- What the task asks -
Reproduce verbatim the lines of the material below, starting at the line with "Used 2024 Chevrolet" and ending at the line with "Mesinha para apoio várias finalidades", both inclusive; skip the rest.

- Input material -
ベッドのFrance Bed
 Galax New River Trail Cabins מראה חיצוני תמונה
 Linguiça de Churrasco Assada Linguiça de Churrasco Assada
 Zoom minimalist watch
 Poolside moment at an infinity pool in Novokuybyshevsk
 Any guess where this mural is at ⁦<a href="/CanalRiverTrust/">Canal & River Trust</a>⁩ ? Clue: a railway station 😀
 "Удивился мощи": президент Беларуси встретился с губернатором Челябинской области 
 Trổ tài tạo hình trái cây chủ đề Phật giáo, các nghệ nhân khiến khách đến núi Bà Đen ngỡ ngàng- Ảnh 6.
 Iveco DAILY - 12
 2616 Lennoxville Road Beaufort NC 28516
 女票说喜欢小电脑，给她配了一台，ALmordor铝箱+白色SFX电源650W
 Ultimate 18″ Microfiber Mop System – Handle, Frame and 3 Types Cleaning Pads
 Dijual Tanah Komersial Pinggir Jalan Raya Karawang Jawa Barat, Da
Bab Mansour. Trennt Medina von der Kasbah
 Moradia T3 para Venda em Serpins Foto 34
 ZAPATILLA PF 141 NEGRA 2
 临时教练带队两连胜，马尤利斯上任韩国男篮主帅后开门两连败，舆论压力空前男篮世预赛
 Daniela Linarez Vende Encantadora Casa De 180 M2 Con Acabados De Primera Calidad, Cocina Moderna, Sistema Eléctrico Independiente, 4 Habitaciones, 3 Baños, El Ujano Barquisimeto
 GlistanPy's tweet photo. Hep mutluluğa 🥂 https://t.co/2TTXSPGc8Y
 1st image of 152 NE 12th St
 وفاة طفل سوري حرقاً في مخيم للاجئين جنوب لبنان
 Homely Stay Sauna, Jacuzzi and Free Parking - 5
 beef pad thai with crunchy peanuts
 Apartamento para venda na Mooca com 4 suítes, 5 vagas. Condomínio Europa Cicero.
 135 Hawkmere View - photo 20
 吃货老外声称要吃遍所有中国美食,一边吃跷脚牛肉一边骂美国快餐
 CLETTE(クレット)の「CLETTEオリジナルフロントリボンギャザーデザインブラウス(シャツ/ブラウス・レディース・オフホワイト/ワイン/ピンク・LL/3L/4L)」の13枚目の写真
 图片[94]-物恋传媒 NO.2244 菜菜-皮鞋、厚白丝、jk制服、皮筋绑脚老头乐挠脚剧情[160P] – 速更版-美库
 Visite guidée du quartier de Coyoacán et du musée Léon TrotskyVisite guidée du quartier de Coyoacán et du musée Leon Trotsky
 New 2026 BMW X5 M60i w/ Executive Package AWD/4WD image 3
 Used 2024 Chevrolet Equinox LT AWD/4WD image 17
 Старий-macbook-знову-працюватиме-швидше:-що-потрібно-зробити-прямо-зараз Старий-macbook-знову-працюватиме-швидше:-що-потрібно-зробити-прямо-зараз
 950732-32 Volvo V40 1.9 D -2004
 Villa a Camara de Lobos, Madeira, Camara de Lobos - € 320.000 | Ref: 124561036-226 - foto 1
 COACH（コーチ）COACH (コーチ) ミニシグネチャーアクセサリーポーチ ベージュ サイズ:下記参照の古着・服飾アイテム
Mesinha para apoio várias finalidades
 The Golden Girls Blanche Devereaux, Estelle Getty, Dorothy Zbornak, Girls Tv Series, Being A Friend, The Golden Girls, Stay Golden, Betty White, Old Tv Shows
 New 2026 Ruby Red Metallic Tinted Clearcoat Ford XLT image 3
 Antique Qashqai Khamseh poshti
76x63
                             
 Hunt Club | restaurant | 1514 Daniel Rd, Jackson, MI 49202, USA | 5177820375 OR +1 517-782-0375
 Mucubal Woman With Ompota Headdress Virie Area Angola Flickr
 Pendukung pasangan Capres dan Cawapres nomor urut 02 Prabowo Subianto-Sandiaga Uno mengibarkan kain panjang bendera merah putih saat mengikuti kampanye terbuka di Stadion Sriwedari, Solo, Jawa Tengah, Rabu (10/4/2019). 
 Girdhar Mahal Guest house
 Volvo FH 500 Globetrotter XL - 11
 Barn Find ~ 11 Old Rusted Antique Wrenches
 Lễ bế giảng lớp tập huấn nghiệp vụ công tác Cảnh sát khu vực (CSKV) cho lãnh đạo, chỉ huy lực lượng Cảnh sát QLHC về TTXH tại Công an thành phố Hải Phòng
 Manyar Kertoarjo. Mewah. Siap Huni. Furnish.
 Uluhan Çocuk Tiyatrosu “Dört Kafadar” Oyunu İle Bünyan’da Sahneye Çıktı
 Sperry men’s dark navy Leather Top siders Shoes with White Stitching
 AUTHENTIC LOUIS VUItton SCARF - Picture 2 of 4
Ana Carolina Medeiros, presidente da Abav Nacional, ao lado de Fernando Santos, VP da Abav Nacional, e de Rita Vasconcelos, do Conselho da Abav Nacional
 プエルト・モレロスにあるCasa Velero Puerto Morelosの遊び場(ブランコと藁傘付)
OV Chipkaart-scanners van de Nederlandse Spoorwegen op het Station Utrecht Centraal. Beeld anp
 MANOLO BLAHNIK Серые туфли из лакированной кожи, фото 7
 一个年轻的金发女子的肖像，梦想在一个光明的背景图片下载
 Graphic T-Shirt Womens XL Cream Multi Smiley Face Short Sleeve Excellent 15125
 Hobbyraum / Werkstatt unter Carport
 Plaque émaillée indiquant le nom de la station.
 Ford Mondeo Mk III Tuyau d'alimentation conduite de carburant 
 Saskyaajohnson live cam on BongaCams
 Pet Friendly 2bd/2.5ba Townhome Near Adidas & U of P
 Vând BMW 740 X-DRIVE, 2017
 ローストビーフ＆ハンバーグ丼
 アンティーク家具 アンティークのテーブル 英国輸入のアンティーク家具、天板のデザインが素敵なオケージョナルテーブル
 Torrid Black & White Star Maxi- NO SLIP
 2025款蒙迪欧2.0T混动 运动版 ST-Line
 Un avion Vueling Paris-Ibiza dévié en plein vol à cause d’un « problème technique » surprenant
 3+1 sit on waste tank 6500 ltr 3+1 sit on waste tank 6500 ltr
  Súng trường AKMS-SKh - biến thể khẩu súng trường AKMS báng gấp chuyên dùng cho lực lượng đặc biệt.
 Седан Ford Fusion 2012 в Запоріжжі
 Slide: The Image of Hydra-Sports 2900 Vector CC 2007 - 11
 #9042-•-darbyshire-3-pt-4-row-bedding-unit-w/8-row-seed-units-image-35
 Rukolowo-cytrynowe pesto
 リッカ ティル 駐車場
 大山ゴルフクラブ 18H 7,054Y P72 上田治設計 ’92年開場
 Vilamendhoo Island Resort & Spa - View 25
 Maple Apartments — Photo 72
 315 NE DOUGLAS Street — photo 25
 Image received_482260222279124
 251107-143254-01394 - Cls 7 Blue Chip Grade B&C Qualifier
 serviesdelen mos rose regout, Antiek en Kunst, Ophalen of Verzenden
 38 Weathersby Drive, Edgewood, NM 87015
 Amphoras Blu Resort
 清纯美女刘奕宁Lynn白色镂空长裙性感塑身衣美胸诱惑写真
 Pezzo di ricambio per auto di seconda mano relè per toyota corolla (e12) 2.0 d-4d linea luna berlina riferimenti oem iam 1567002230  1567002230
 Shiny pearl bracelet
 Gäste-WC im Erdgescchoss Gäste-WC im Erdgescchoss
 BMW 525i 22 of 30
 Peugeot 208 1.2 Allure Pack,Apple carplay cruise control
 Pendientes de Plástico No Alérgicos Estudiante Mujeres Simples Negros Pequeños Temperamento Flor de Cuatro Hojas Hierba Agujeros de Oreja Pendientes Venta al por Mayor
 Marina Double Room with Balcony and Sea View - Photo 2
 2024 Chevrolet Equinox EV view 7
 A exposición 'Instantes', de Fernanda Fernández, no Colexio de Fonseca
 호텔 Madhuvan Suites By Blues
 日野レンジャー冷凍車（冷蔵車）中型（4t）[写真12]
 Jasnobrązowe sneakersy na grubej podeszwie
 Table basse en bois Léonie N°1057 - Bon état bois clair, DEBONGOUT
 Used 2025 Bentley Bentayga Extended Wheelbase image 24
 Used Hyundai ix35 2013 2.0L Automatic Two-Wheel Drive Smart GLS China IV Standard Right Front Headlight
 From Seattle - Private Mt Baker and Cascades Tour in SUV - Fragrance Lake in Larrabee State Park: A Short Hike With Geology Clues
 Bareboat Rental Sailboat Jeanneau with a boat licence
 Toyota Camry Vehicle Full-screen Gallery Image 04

- Output below -
 Used 2024 Chevrolet Equinox LT AWD/4WD image 17
 Старий-macbook-знову-працюватиме-швидше:-що-потрібно-зробити-прямо-зараз Старий-macbook-знову-працюватиме-швидше:-що-потрібно-зробити-прямо-зараз
 950732-32 Volvo V40 1.9 D -2004
 Villa a Camara de Lobos, Madeira, Camara de Lobos - € 320.000 | Ref: 124561036-226 - foto 1
 COACH（コーチ）COACH (コーチ) ミニシグネチャーアクセサリーポーチ ベージュ サイズ:下記参照の古着・服飾アイテム
Mesinha para apoio várias finalidades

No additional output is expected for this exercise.